Problem requirements
Could you transcribe the records below exactly, leaving out every picture?
++++ Exercise materials
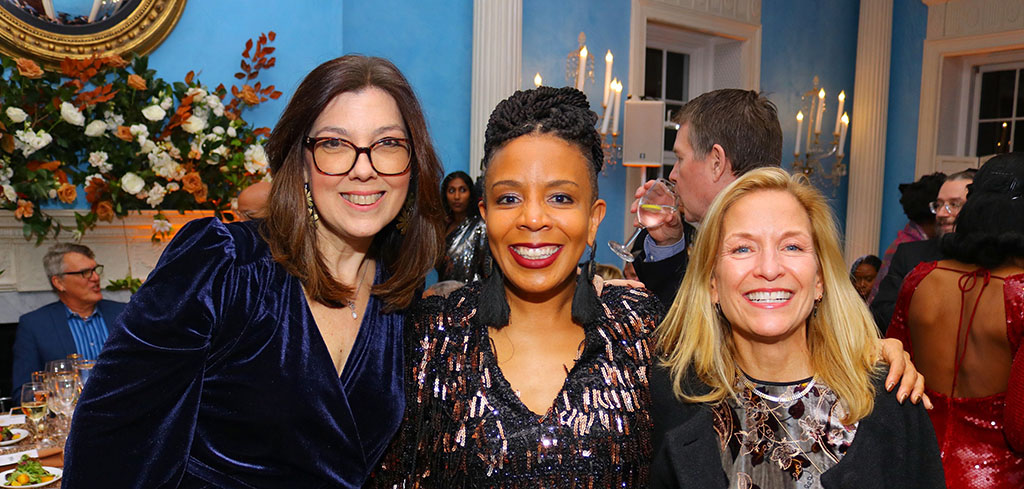 Three smiling people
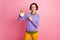 Photo of positive girl point index finger clock wear purple yellow pants trousers isolated pastel color background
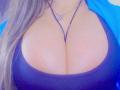 Les seins volumineux et ronds de GilliSkquirtty sont mis en valeur par un haut noir moulant, laissant entrevoir une grande partie de sa poitrine, avec un collier au centre. Ses longs cheveux bruns sont sur la gauche..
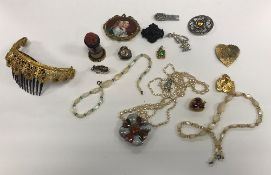 A box of various costume jewellery to include a Berlin style porcelain brooch as mother and child,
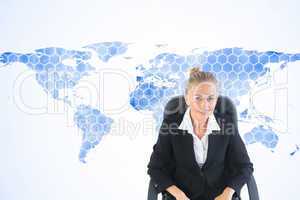 Composite image of businesswoman sitting on swivel chair with la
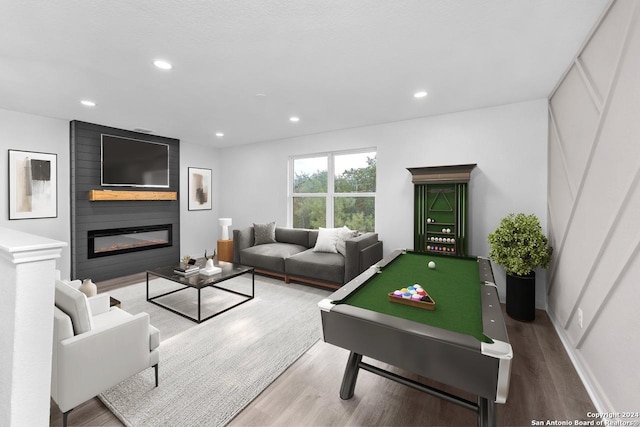 playroom with wood-type flooring, a large fireplace, and pool table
++++++++
Exercise answer
 Three smiling people
 Photo of positive girl point index finger clock wear purple yellow pants trousers isolated pastel color background
 Les seins volumineux et ronds de GilliSkquirtty sont mis en valeur par un haut noir moulant, laissant entrevoir une grande partie de sa poitrine, avec un collier au centre. Ses longs cheveux bruns sont sur la gauche..
 A box of various costume jewellery to include a Berlin style porcelain brooch as mother and child,
 Composite image of businesswoman sitting on swivel chair with la
 playroom with wood-type flooring, a large fireplace, and pool table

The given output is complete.